O diabo está em que São Paulo perdeu seu dinamismo. Acabou inoculando a população o inchaço de gente, de carros, de falta de espaço, de obrigações proteladas e de oportunidades perdidas para a sobrevivência individual ou coletiva. A maioria acomoda-se enquanto, no reverso da medalha, cresce o número de carentes e de miseráveis que continuamente demandam o antigo paraíso, ou nele permanecem, sem outras opções do que recorrer à caridade ou aderir à lei da selva. Daí o aumento do número de roubos, furtos, agressões, assassinatos e violência de toda espécie. Os crimes gerados pela necessidade de sobrevivência superam aqueles causados pela distorção de personalidades, inclinações, tendências malévolas e falta de vontade para enfrentar e respeitar os princípios éticos da vida, superados pela necessidade de uns e o mau exemplo de outros.

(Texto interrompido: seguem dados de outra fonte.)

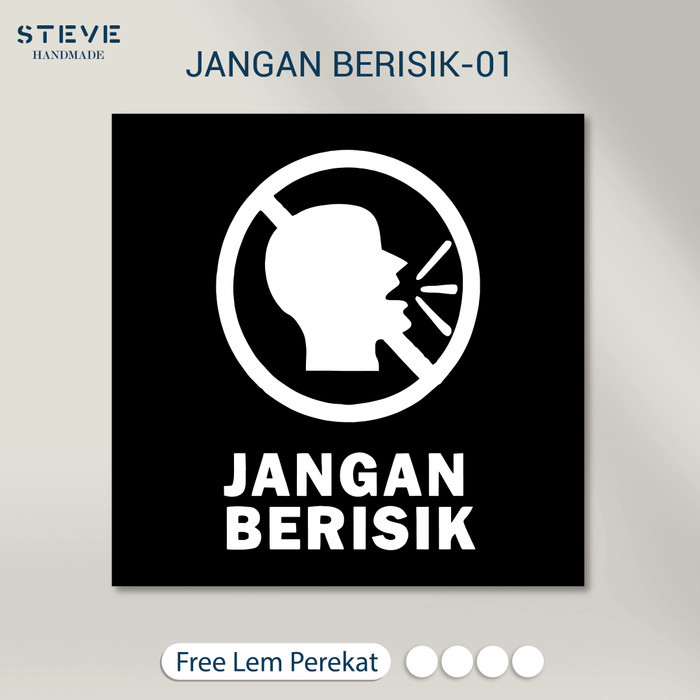 Sign Board Jangan Berisik | Papan Tanda Jangan Berisik Label Akrilik Sign Board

Há quem identifique nesse nó que envolve a maior cidade do país a lei basilar da física, de que dois corpos não podem ocupar o mesmo lugar no espaço. A superpopulação estaria na raiz do impasse que leva São Paulo a parar. Não apenas excesso de gente, mas de automóveis, ambições, desilusões e desespero.
Abrir novas avenidas, túneis e viadutos, sacrificando o indivíduo para atender a máquina, será tão inócuo quanto multiplicar o assistencialismo ou aplicar em São Paulo o princípio da livre competição entre quantidades desiguais. A rebelião dos excluídos sem alternativa só fará aumentar as agruras do conjunto. Fechar as fronteiras da cidade não dá: equivalerá a estender a mesma intolerância a regiões sempre maiores, além do que, nascem nas próprias comunidades sem futuro contingentes sempre maiores de desesperados e desiludidos. Controlar a natalidade ou adotar o eufemismo de planejamento familiar despertará forças incontroláveis, pois os carentes, os menos favorecidos e os miseráveis continuarão aumentando em progressão geométrica, frente às soluções ditadas pela aritmética.
Anos atrás Hollywood investiu no absurdo, com o filme “Fuga de Nova York”, onde no futuro, de tão inviável, aquela metrópole foi cercada de muros imensos, vigiada do lado de fora por mísseis e metralhadoras, pois ninguém entrava e ninguém saía daquele território abandonado à própria sorte, sem lei nem autoridade. O diabo, nessa história fantástica, foi quando o avião do presidente da República fez uma aterrissagem forçada no Central Park...
A verdade de São Paulo é frustrante quando se atenta que a locomotiva emperrou, os trilhos enferrujaram e os vagões continuam vazios, ou quase. São Paulo, que sempre solucionou o Brasil, agora pede socorro de um modo singular: que ninguém se aproxime para salvar a cidade onde não cabe mais ninguém, nem os salvadores.
É claro que as elites paulistanas que ainda conseguem sobreviver, em especial se utilizam helicópteros, protestam diante de diagnóstico tão sombrio. Estão à margem das agruras que envolvem as massas e a classe média. Mas sofrem cada vez mais, até nos Jardins. Seu destino é ser esmagadas mais ou menos como o bezerro apertado pelos anéis da sucuri. Boas intenções e fantasiosas formulações podem partir de minorias iludidas, tanto faz se de privilegiados metalúrgicos ou de banqueiros indiferentes ao que se passa à sua volta. Ate de uns poucos políticos e sociólogos que a realidade ainda não atingiu. Serão todos inundados pela onda implacável.
Em suma, não dá mais para se comprimir num espaço limitado essa legião de iludidos.